RECORDS PROVIDED
──────────────────────────────

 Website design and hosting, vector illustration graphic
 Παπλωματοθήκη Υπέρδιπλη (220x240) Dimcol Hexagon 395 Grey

──────────────────────────────

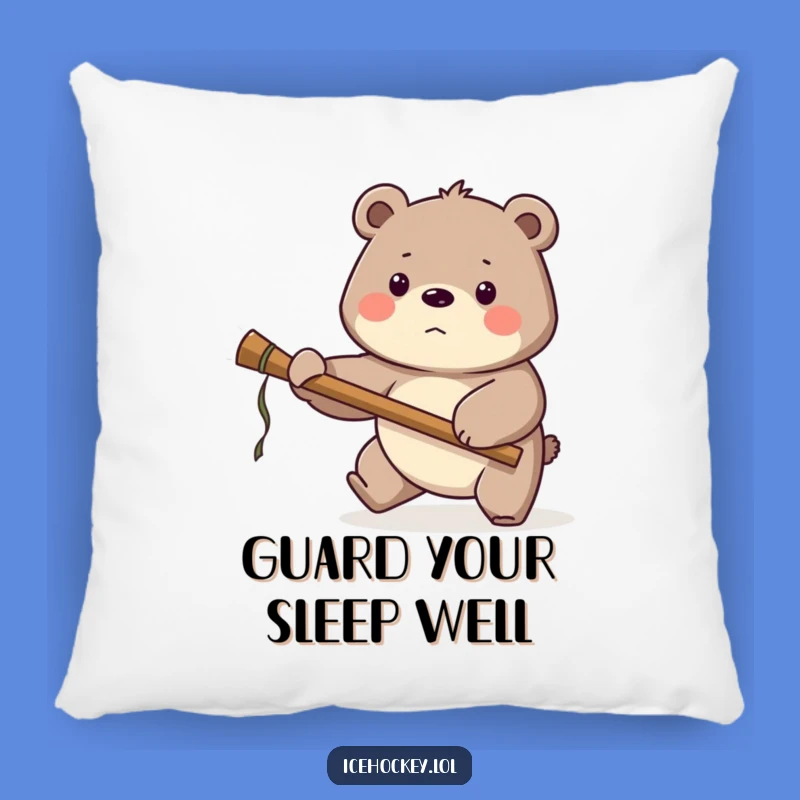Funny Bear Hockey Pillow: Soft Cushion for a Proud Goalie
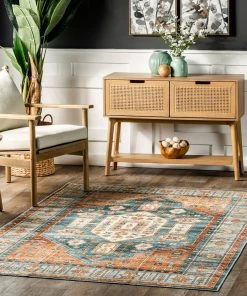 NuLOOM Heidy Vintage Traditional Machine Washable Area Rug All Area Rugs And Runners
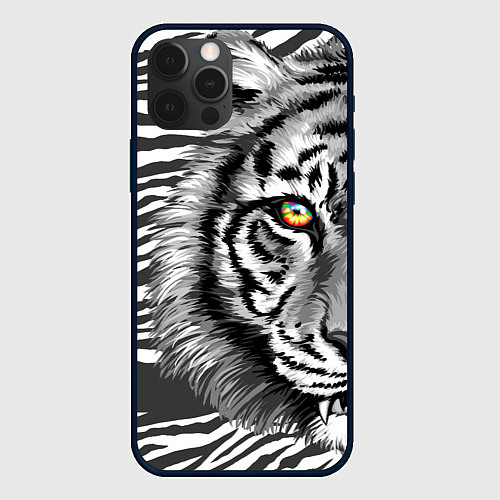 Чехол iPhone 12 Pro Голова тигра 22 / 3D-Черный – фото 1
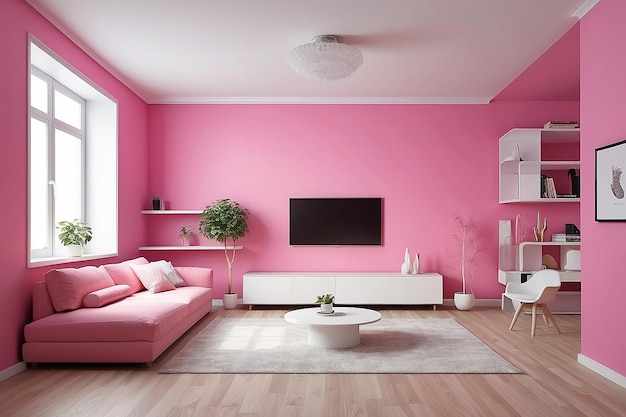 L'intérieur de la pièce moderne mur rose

──────────────────────────────

ACTIVITY
Give back exactly the lines above that run from the one with "Чехол iPhone 12" to the one with "L'intérieur de la pièce moderne mur rose", including both, with the pictures left out.

REPLY TO THE TASK
 Чехол iPhone 12 Pro Голова тигра 22 / 3D-Черный – фото 1
 L'intérieur de la pièce moderne mur rose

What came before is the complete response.